#### Records for the task:

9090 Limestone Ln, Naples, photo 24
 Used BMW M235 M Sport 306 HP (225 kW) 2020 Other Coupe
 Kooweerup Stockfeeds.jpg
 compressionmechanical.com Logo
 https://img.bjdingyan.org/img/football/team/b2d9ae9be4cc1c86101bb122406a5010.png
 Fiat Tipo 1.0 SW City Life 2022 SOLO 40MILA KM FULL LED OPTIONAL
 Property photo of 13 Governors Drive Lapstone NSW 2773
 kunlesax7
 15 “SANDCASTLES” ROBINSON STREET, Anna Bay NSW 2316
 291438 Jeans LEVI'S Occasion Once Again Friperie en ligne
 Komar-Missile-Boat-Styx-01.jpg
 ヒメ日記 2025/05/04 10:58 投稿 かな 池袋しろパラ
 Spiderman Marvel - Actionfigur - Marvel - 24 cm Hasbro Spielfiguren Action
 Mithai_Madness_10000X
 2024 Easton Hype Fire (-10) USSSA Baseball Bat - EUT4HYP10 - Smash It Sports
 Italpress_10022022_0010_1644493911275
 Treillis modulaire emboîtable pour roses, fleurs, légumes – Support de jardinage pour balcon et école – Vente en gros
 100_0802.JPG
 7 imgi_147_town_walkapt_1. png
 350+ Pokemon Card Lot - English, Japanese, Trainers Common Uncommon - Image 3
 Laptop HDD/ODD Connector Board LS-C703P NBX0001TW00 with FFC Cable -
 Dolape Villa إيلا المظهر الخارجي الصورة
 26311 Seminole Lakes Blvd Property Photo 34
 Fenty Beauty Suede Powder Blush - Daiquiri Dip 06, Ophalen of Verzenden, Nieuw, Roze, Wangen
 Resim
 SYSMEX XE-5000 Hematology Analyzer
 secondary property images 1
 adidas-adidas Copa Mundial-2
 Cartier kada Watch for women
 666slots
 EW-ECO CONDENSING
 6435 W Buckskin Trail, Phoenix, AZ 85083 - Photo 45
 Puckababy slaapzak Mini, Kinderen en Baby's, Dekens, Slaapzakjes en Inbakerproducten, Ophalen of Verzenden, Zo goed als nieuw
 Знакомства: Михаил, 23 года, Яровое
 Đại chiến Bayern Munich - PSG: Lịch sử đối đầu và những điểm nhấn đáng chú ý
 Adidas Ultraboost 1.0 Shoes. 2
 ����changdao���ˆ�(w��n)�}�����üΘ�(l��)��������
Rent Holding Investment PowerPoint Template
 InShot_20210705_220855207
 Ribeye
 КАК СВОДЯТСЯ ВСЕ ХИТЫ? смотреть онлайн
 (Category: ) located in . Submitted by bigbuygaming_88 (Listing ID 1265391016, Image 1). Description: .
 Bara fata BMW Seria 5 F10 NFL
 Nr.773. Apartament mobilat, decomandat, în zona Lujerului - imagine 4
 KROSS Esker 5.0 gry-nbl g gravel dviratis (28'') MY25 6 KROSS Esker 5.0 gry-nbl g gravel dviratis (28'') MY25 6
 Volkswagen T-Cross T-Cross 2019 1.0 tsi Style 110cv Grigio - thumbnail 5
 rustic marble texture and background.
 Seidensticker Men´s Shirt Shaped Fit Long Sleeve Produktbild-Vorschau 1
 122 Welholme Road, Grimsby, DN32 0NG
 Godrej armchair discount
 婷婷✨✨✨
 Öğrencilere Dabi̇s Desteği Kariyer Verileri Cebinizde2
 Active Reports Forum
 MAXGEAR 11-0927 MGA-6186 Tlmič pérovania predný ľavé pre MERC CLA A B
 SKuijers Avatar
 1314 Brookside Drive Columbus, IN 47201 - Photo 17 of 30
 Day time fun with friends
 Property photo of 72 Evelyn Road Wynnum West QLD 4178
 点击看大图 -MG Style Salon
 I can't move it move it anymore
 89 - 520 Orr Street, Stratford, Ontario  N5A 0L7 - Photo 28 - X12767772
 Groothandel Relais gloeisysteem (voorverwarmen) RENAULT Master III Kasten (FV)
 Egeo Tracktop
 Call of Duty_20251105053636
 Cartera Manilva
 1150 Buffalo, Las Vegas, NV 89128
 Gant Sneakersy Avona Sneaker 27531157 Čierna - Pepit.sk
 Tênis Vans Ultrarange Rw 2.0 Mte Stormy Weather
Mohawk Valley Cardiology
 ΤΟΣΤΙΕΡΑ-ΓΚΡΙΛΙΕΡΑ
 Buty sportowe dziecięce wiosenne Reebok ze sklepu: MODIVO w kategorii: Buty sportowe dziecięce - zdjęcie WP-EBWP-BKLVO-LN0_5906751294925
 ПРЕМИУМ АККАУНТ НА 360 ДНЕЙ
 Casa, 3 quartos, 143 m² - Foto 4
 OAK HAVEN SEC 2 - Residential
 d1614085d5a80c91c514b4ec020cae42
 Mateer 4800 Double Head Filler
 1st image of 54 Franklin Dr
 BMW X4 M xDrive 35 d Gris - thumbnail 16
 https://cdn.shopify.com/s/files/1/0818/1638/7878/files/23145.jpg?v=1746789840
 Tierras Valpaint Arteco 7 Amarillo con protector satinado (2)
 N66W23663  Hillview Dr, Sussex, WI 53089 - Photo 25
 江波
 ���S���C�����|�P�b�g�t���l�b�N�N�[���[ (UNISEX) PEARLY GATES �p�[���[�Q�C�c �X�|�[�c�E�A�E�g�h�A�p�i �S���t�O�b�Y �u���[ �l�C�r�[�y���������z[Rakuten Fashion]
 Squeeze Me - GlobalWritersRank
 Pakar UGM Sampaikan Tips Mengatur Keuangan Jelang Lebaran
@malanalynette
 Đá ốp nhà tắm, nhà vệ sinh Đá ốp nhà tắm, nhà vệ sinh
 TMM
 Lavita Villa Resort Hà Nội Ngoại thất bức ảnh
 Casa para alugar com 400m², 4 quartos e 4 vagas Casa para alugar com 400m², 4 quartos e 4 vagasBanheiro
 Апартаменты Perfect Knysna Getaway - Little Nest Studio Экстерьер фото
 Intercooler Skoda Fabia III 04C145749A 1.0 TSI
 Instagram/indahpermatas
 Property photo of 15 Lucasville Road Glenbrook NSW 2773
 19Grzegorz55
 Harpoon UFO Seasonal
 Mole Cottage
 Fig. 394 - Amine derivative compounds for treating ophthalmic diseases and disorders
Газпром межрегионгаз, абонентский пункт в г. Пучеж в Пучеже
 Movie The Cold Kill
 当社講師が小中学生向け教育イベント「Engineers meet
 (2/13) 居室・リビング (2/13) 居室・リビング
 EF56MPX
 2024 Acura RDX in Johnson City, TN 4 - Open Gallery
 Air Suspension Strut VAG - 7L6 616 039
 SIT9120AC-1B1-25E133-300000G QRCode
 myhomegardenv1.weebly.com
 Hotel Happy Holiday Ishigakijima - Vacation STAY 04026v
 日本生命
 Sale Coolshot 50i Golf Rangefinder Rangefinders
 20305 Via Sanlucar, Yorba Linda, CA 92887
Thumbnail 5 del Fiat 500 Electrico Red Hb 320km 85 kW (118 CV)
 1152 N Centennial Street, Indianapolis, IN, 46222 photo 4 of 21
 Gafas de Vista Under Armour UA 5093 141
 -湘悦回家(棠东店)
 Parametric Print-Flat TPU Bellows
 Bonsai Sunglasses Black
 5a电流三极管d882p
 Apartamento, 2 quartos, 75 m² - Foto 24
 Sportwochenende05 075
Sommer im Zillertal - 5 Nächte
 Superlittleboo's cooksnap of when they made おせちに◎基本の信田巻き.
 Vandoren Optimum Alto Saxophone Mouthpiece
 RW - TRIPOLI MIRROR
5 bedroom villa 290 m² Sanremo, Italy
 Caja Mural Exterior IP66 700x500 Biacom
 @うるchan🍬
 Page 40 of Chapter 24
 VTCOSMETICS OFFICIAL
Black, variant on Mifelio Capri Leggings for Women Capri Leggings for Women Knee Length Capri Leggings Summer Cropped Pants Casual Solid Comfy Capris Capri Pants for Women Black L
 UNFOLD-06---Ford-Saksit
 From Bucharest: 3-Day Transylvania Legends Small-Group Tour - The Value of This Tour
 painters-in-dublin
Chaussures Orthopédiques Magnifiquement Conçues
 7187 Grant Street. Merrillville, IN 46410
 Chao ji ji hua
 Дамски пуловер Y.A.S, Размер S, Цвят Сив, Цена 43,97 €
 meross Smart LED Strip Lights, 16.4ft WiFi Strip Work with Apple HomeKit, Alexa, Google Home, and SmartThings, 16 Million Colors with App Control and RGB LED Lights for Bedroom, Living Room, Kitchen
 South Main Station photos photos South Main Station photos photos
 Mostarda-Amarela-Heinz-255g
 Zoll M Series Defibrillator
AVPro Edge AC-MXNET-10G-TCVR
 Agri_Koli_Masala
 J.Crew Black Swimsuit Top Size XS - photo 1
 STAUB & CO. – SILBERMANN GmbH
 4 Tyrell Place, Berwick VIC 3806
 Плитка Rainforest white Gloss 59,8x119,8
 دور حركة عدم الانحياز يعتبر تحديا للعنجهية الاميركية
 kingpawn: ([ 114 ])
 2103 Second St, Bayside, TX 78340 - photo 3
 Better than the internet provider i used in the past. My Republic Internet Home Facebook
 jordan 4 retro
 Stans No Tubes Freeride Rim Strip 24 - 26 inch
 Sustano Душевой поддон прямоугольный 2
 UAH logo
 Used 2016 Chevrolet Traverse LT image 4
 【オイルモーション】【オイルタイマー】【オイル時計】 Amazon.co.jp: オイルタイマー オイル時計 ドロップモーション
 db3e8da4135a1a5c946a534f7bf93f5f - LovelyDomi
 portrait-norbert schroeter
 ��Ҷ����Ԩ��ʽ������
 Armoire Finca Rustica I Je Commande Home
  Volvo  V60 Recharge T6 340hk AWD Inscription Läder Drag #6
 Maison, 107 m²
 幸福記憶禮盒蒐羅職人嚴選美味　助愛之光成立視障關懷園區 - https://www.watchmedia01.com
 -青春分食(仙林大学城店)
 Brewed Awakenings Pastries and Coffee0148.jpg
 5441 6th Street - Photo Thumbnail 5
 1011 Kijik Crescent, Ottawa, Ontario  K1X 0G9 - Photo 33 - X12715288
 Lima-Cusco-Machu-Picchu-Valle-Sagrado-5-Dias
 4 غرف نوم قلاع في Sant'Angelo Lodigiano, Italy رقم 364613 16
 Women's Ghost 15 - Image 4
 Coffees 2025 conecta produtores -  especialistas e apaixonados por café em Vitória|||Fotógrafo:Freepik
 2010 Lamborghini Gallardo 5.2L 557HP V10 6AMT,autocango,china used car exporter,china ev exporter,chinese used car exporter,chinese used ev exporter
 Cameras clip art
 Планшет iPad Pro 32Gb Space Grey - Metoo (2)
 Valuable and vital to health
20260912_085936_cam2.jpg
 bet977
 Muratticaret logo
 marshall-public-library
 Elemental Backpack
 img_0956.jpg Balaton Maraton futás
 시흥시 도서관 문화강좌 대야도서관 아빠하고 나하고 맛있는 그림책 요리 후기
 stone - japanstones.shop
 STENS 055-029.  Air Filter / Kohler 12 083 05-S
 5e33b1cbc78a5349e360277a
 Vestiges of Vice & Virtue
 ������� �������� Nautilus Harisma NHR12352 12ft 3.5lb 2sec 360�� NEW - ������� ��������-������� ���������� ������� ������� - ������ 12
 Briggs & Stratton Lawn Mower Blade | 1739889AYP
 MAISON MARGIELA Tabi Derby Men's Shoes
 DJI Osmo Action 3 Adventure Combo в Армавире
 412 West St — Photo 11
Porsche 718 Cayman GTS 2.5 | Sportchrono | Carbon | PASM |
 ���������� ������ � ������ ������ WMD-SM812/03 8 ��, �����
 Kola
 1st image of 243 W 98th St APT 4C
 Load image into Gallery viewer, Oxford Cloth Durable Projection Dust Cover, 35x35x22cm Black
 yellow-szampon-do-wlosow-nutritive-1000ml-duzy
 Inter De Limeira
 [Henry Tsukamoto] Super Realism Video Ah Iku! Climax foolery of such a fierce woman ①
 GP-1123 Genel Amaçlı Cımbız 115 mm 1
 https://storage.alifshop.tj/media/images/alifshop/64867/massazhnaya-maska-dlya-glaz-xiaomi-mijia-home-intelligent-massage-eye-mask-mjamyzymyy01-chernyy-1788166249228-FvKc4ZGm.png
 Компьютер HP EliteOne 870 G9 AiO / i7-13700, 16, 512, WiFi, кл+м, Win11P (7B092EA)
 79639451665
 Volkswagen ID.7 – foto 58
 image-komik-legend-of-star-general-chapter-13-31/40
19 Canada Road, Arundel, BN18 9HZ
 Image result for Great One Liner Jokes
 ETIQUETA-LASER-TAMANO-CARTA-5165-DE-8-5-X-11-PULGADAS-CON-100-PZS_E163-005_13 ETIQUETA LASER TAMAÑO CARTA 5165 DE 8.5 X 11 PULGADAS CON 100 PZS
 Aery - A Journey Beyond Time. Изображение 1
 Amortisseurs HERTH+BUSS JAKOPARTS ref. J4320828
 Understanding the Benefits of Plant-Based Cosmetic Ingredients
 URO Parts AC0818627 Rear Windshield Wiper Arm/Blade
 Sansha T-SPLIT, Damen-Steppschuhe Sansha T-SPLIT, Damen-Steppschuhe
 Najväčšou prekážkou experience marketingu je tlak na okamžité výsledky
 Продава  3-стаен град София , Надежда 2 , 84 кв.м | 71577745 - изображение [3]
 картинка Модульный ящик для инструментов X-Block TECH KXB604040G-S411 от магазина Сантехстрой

#### Work item:
Could you transcribe the entries above word for word, from the line with "img_0956.jpg Balaton Maraton futás" down to the line with "Porsche 718 Cayman", keeping both?

#### Completed exercise:
 img_0956.jpg Balaton Maraton futás
 시흥시 도서관 문화강좌 대야도서관 아빠하고 나하고 맛있는 그림책 요리 후기
 stone - japanstones.shop
 STENS 055-029.  Air Filter / Kohler 12 083 05-S
 5e33b1cbc78a5349e360277a
 Vestiges of Vice & Virtue
 ������� �������� Nautilus Harisma NHR12352 12ft 3.5lb 2sec 360�� NEW - ������� ��������-������� ���������� ������� ������� - ������ 12
 Briggs & Stratton Lawn Mower Blade | 1739889AYP
 MAISON MARGIELA Tabi Derby Men's Shoes
 DJI Osmo Action 3 Adventure Combo в Армавире
 412 West St — Photo 11
Porsche 718 Cayman GTS 2.5 | Sportchrono | Carbon | PASM |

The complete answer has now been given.